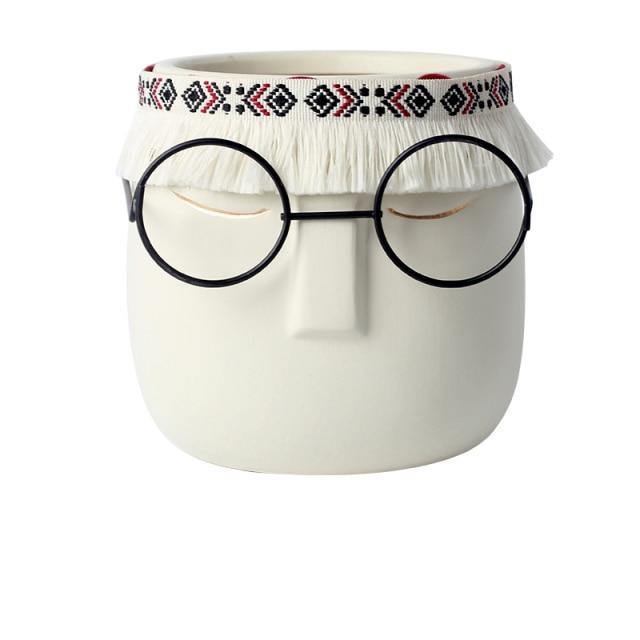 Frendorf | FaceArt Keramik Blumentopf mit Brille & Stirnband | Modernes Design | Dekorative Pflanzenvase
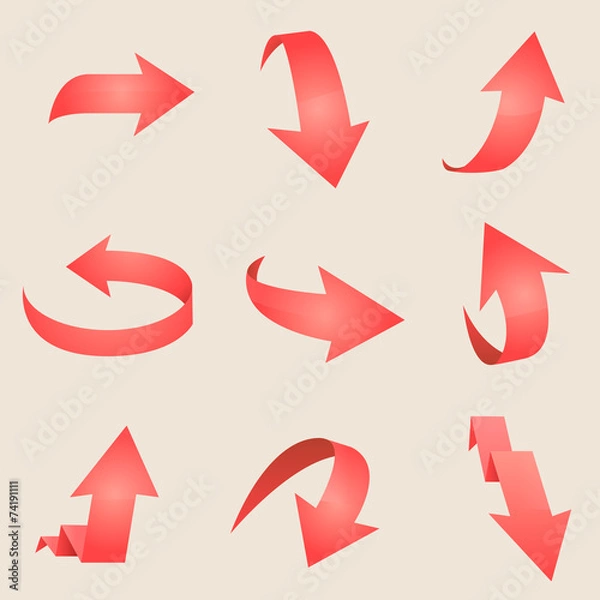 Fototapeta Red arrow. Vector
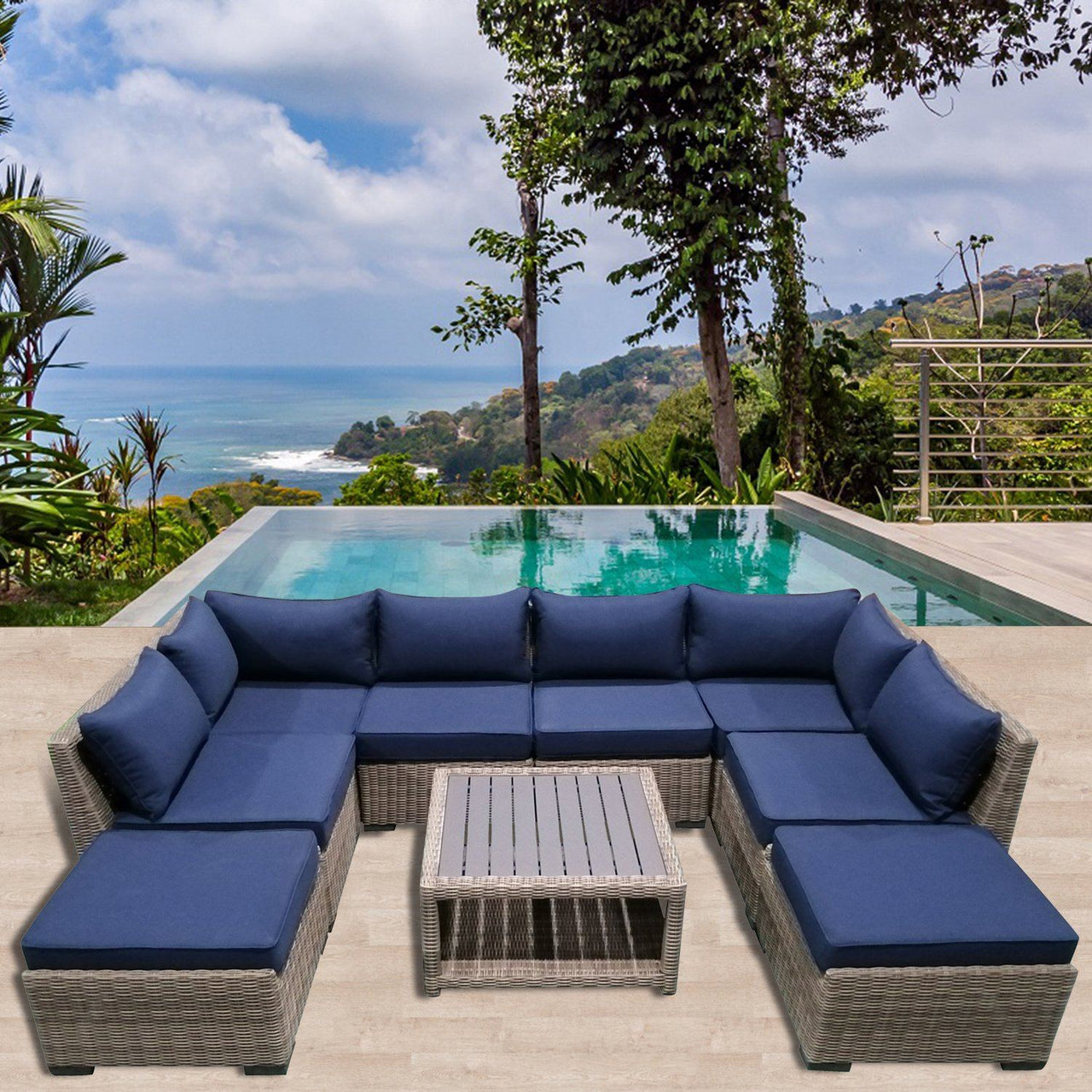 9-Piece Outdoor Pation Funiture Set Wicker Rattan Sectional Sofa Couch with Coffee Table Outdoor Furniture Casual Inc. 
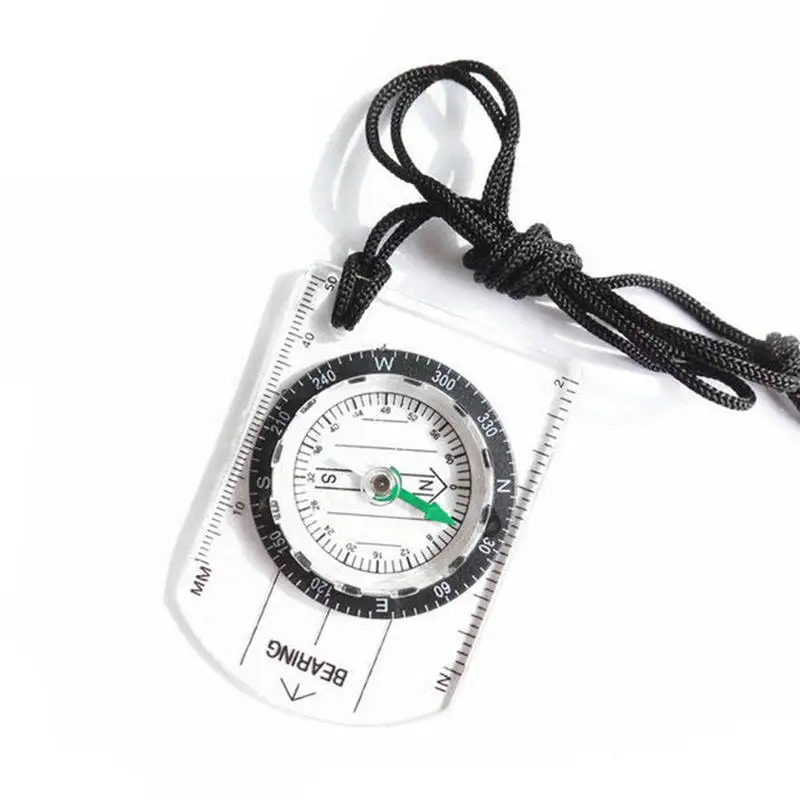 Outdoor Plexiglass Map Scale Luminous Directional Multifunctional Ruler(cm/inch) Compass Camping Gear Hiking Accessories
...
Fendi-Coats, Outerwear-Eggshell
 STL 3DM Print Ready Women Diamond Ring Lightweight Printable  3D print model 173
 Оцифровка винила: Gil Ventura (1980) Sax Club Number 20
---
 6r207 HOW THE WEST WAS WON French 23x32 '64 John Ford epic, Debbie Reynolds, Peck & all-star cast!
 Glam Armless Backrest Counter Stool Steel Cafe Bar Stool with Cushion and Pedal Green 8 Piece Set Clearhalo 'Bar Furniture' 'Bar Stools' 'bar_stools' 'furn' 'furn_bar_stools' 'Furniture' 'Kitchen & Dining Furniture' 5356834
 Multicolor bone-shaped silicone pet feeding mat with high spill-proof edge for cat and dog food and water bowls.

→ **WHAT YOU HAVE TO DO**: The entries above hold a line with "6r207 HOW THE" and a later line with "Multicolor bone-shaped silicone". Write out exactly those lines and all lines between, nothing more.

→ **OUTPUT**:
 6r207 HOW THE WEST WAS WON French 23x32 '64 John Ford epic, Debbie Reynolds, Peck & all-star cast!
 Glam Armless Backrest Counter Stool Steel Cafe Bar Stool with Cushion and Pedal Green 8 Piece Set Clearhalo 'Bar Furniture' 'Bar Stools' 'bar_stools' 'furn' 'furn_bar_stools' 'Furniture' 'Kitchen & Dining Furniture' 5356834
 Multicolor bone-shaped silicone pet feeding mat with high spill-proof edge for cat and dog food and water bowls.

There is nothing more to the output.